What is right with business incubation

Responding to Kauffman Foundation Policy Digest – Jasper Welch

Some thoughts on what is right with business incubation…

The recent response by NBIA members to the Kauffman Foundation “Policy Digest” (March 26, 2013), initially started by Mary & Rick from the Colorado Springs Technology Incubator, has evoked a lively discussion among managers and supporters of business incubation in the US.     The robust nature of the NBIA member and follow on discussion since the original April 16th NBIA list serve post, has far exceeded the limited perception and policy proposals put forth by the Kauffman Foundation brief summary of business incubation.  

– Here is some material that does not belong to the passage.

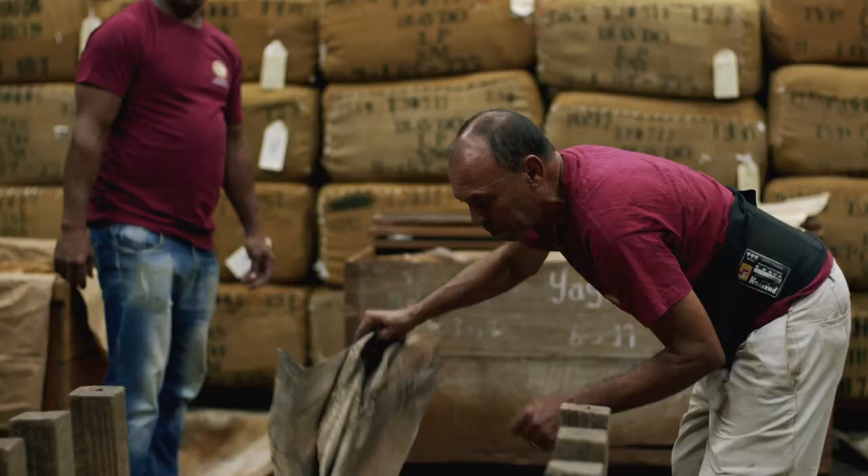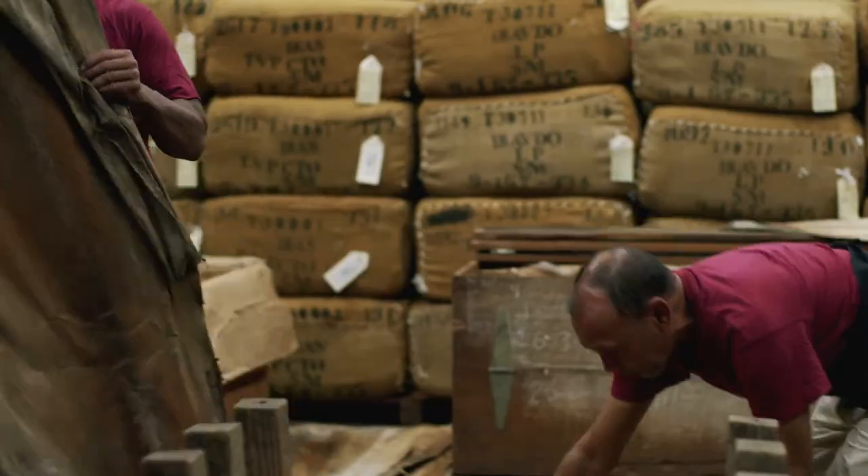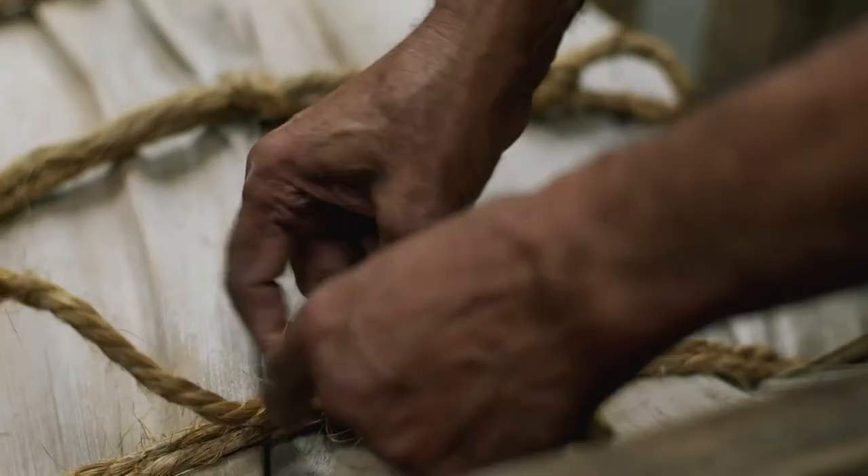It takes very, very skilled people to be able to actually make these tertio bales. In fact, our main factory down in Santiago, Dominican Republic, we actually only have two people who are qualified to do it in our entire factory.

NBIA has been the leading organization in the U.S. and internationally because of the leadership of those who have thoughtfully provided input on business incubation in the 21st century - namely NBIA members, Board, staff and supporting professionals that have been involved for over 25 years.   Since 1999, I’ve been a member of the National Business Incubation Association (NBIA www.nbia.org) , for 12 years as the Director of the San Juan College Enterprise Center, and more recently as the co-founder of DurangoSpace.   In addition, I had the opportunity of leading NBIA as the President and CEO during our 2013/2014 transition from Athens, OH to Orlando, FL.   So it is will a 15-year perspective that I respectfully disagree with the poorly researched Kauffman Foundation opinions on business incubation.

From my experience and involvement with business incubation and innovation, it has been clear that NBIA and our members are at the forefront of the industry creating the best practices and moving forward and experimenting with the next practices of entrepreneurship support.

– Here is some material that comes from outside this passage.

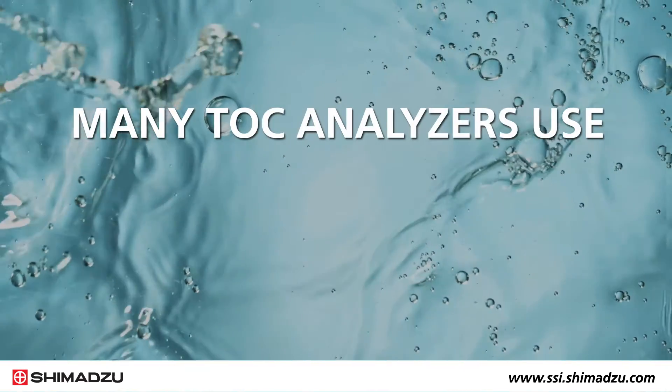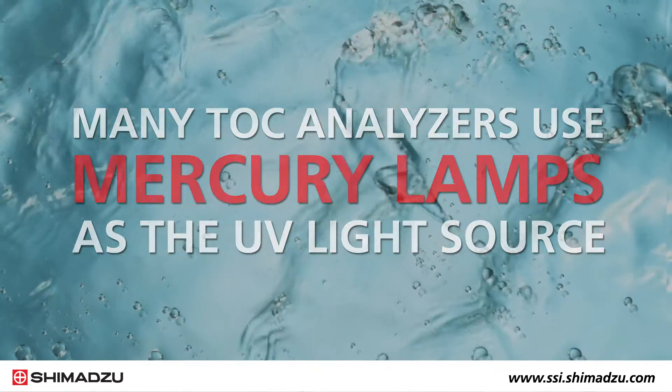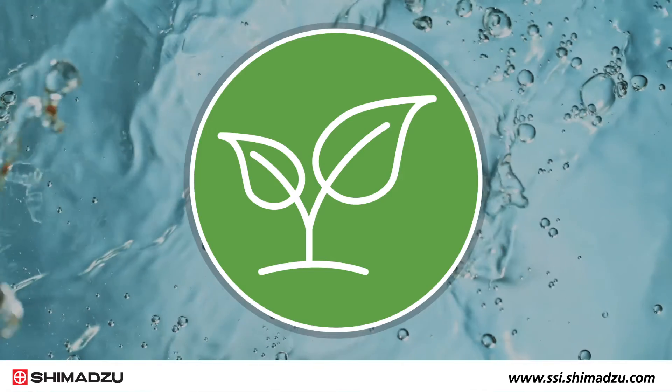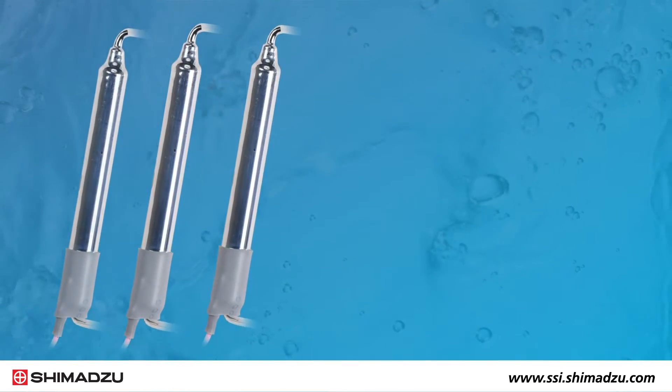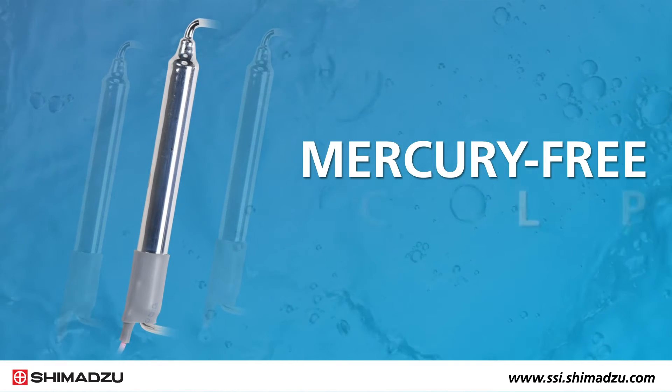Many TOC analyzers for pure water use mercury lamps as the UV light source within the instrument. To improve environmental sustainability, the TOC1000E is the first analyzer in the world to feature a mercury-free excimer lamp.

Using a combination of targeted resources and “best practices programming”, NBIA members have for 25 years, rolled up their sleeves to work with entrepreneurs and their start-up and emerging companies.  Each day, nationwide and worldwide, our NBIA members are supporting, mentoring and developing programs that are helping over 12,000 start-ups and emerging companies!

Actually, the Kauffman discourse on the old business incubation models are not as effective as originally hoped, isn’t new information.  We all know that the real estate “facility focused” model never really worked well in the first place, and successful business incubation has always been about focusing on our clients- the entrepreneurs!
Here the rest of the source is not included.